# jl audio ho110-w6v3 Or the 12" version? Which would you go with?



## elijahscott (Jun 23, 2017)

I have a sedan and I'm trying to decide on these two. I can basically get them for 25$ difference in price. I heard the 10" in my car with this box and it sounded very very good. 
Which would sound best in a sedan? I want tight controlled bass. 
Power ratings seem the same to me which is odd. Both 600rms


----------



## Izay123 (Jun 9, 2009)

elijahscott said:


> I have a sedan and I'm trying to decide on these two. I can basically get them for 25$ difference in price. I heard the 10" in my car with this box and it sounded very very good.
> 
> Which would sound best in a sedan? I want tight controlled bass.
> 
> Power ratings seem the same to me which is odd. Both 600rms




I would absolutely go with the 12" one. Ive designed & tuned a few installs that used the JL W6 driver in sealed & HO box applications. For an "SQ" marketed sub it makes a decent amount of distortion noise at full tilt though. In light of that, the more cone area the better with these puppies.

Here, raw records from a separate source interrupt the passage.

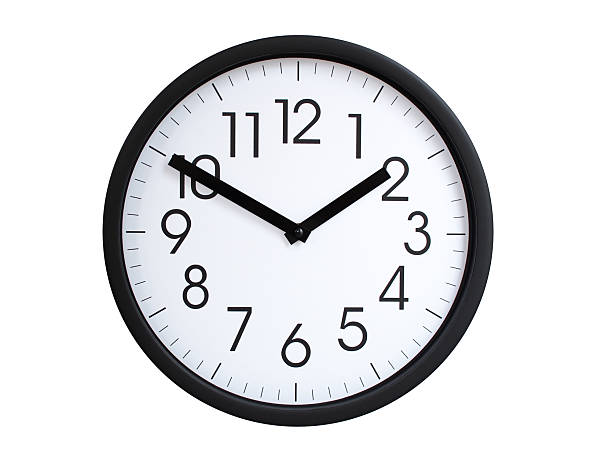 Simple round wall clock with black frame and white face, showing the time exactly at 01:50 or 13:50. Representing time precision in concepts of deadlines.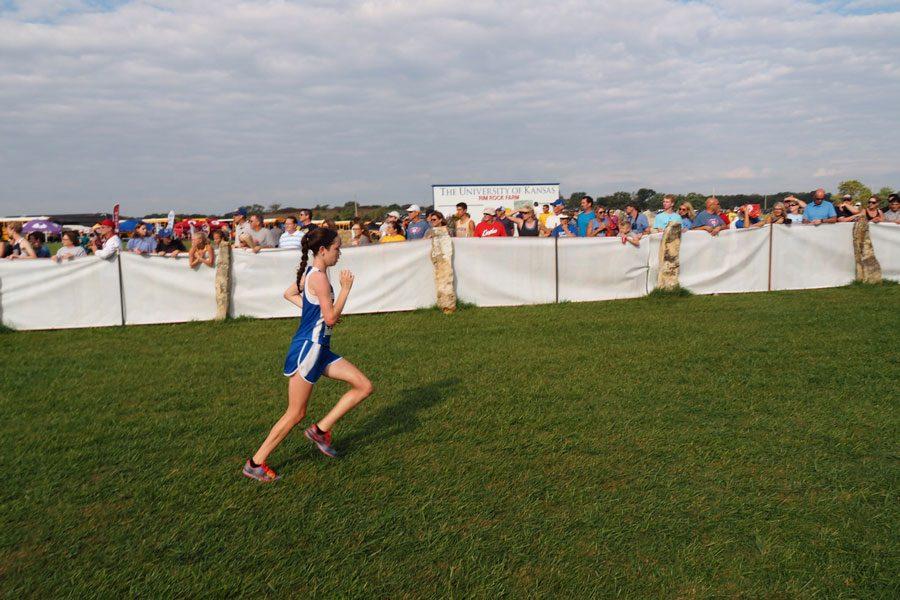 Freshman Grace Kessler races in the Rim Rock Farm Classic. Kessler finished 106th in the girls varsity gold division with a time of 21:26.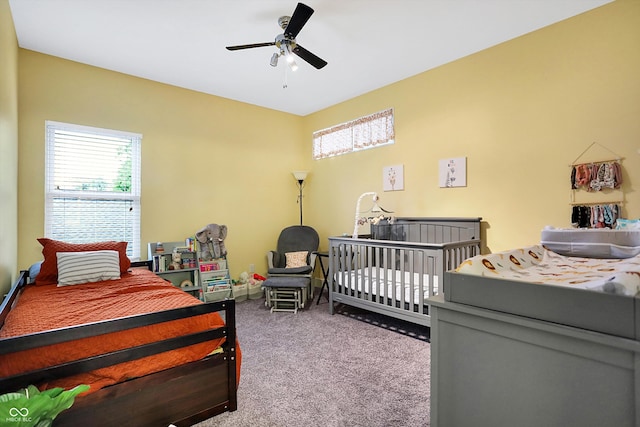 carpeted bedroom featuring ceiling fan and multiple windows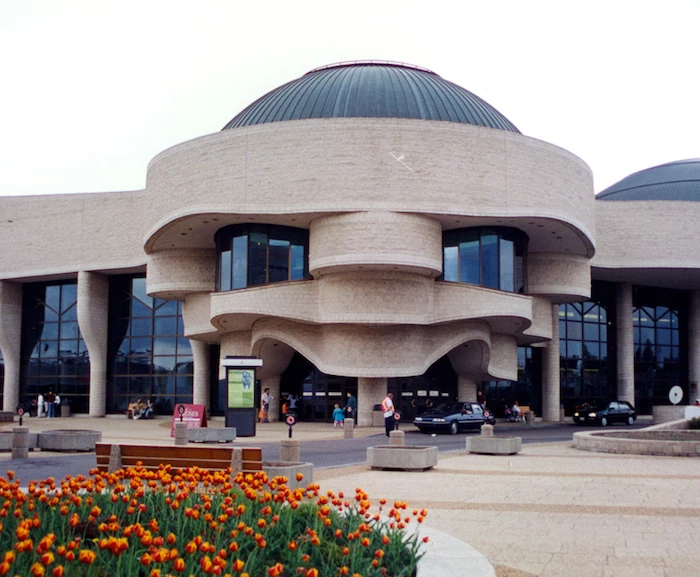 museum of civilization in canada, pale beige building, with round and wave-like elements, lots of glass panels, and grey domes, modernism and postmodernism, tulip garden nearby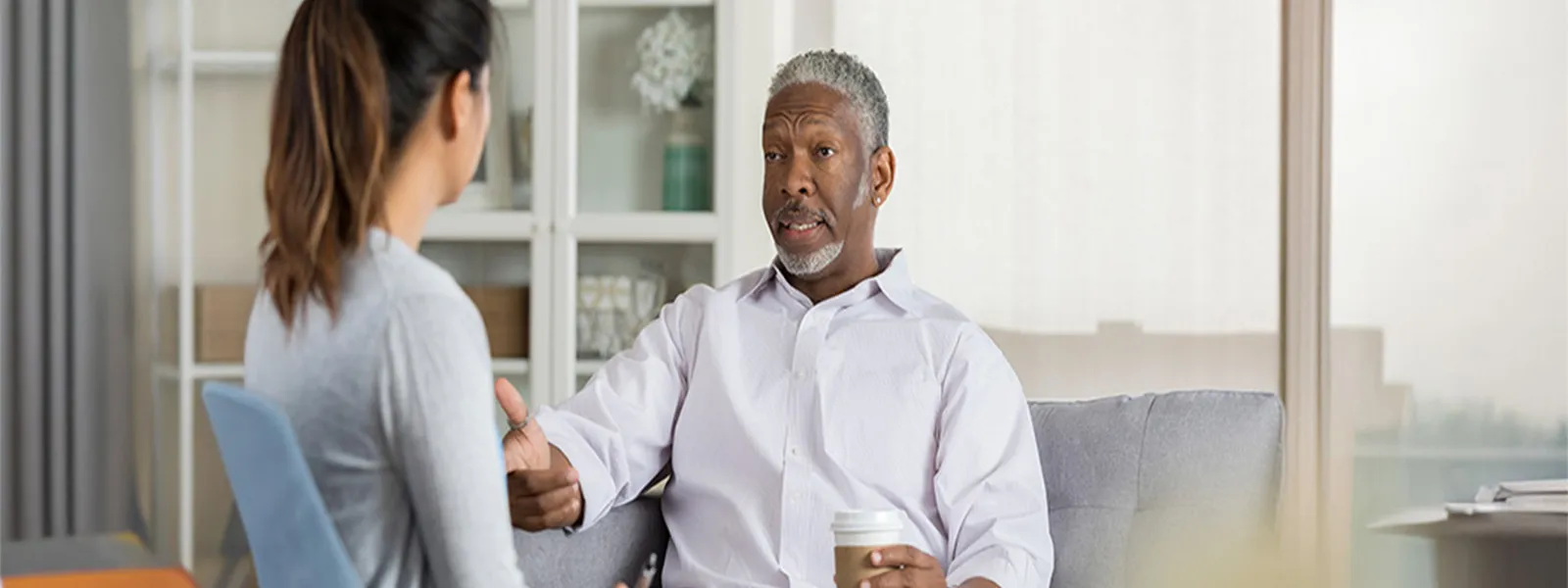 Man talking to therapist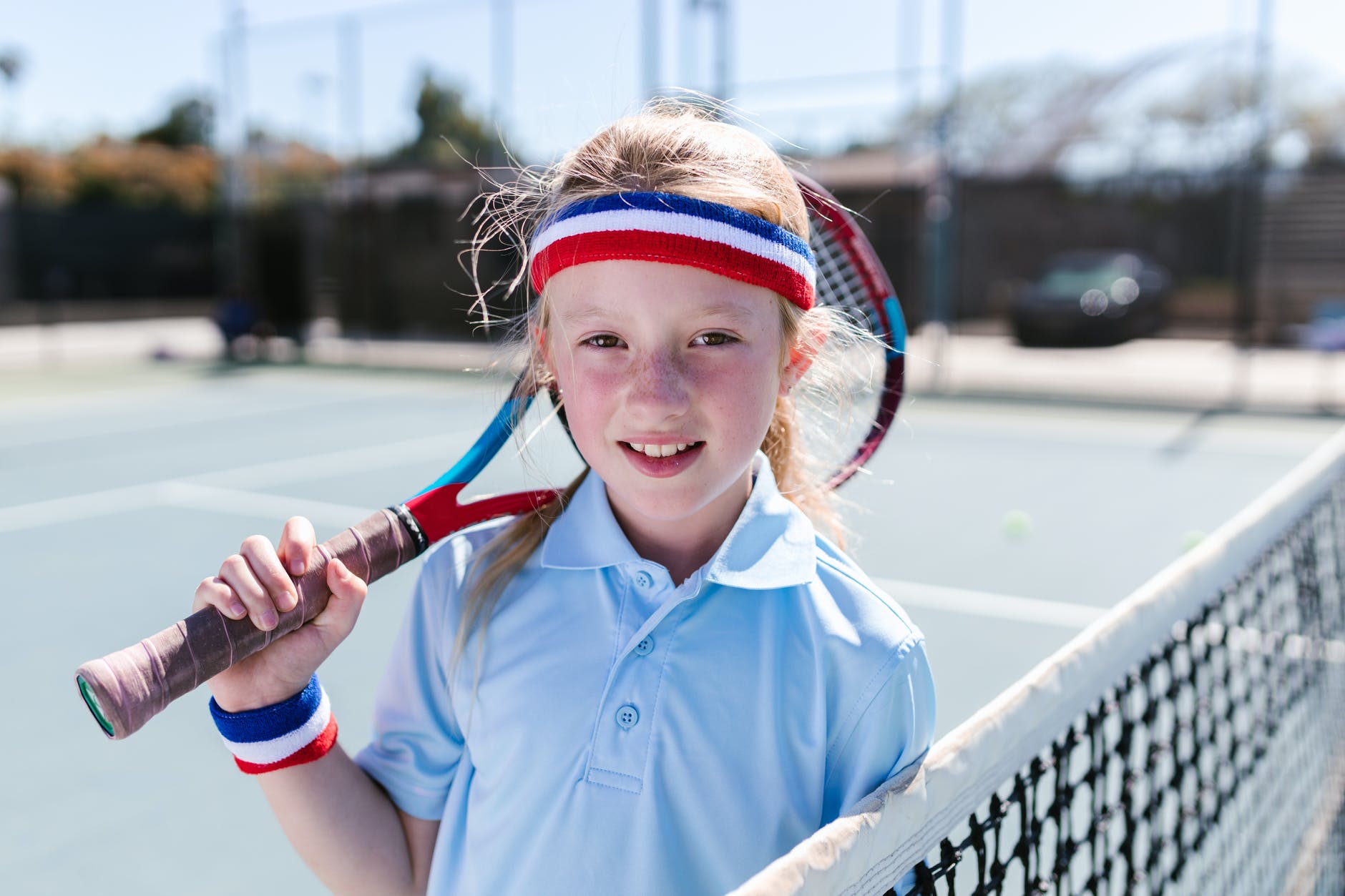 girl wearing sportswear standing by the tennis net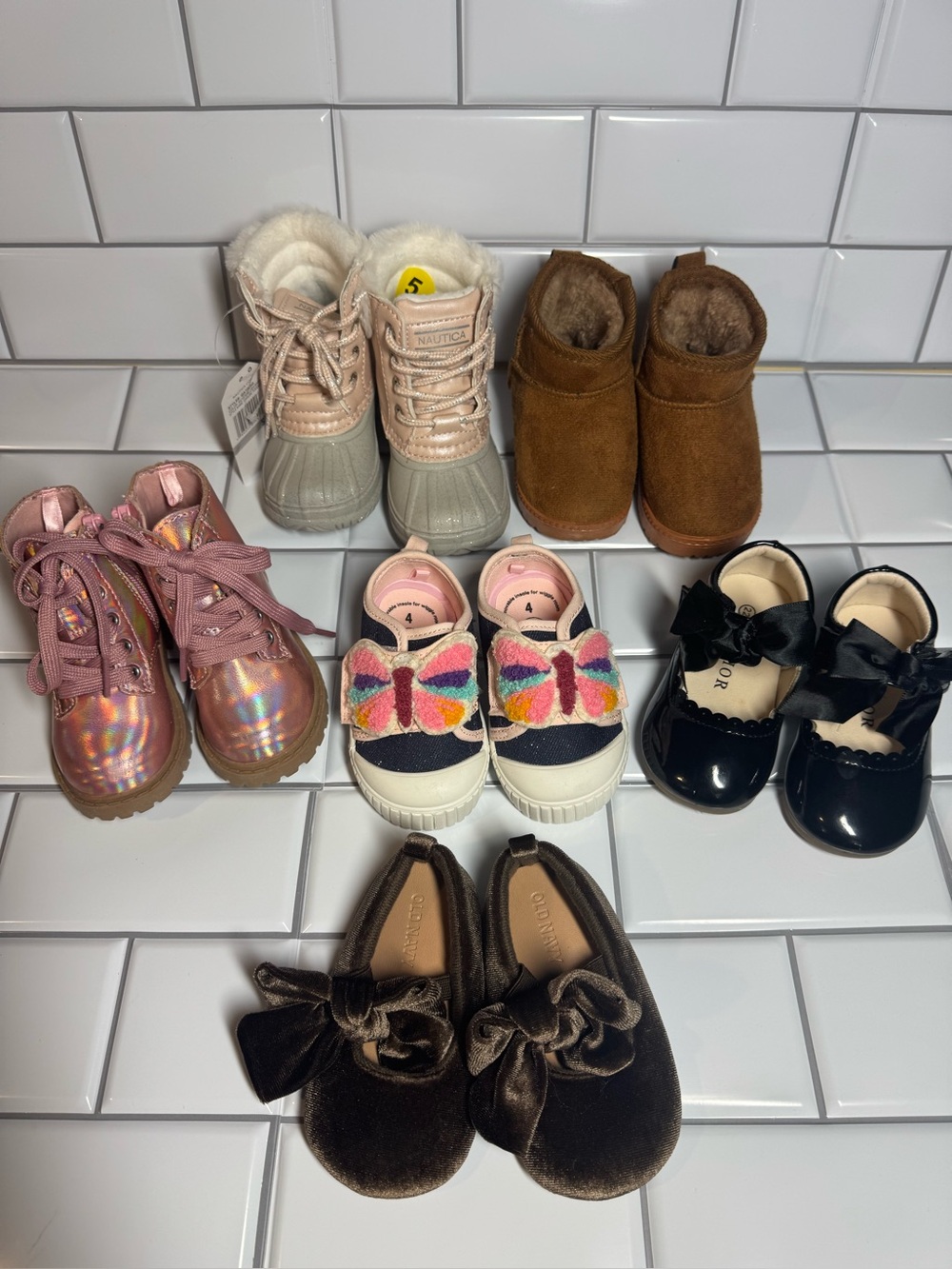 Lot of toddler girl's shoes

Dont forget to turn your subsonic filter on down below tuning so you dont stress the soft parts too much.


----------



## Nick_15_KL (Nov 7, 2017)

The HO110-w6v3 and HO112-w6v3 are nearly identical in sound output and clarity. Both have a nice tight sound with smooth lows. The 12 allows you to "feel" the bass more.

I tried both in my Jeep Grand Cherokee and chose the HO110 because I did not want to destroy my interior or rattle things loose. The 10 will still flex my roof, but as much as the 12.


----------



## BJG (Feb 7, 2021)

12.. hands down.


----------